Marqueteiros e assessores de imprensa – e quem fala já trabalhou nos dois papéis – são auxiliares circunstanciais, extremamente úteis na forma de dizer, mas não substituem, nos líderes, convicções e conteúdos. Menos ainda a luta política que se trava a médio e longo prazo para mudar o Brasil.
Mudar o Brasil não se fará com espasmos de comunicação direta, com consequentes mobilizações esporádicas, ambos restritos aos períodos de campanhas eleitorais.
Exige que o governante, o líder, esteja -com todas as formas a seu alcance – falando com a população e, ao lado dela, travando a polêmica sobre cada política pública e cada embate político que sua adoção exige.

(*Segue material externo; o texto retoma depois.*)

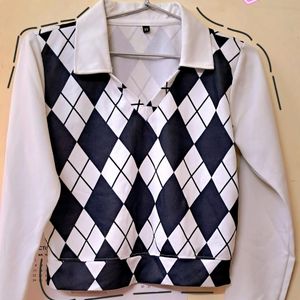 Trendy Black And White Top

De outro lado, deixamos nos manietar pela necessidade – e é necessidade – da formação de uma ampla base parlamentar, como se isso bastasse para conduzir as mudanças no parlamento. Não é, porque, imensa, a base é amorfa, flácida, renitente, chantagista e sólida como uma geléia.
Nela, perdemos nossa identidade e levamos ao desânimo e à exaustão os que permanecem firmes, que passam a ser vistos como radicais e dissolventes. Dizemos à vanguarda: juntem-se ao atraso e não aborreçam!
A pretensão à unanimidade, para não reproduzir a frase célebre de Nélson Rodrigues, é uma armadilha perigosa.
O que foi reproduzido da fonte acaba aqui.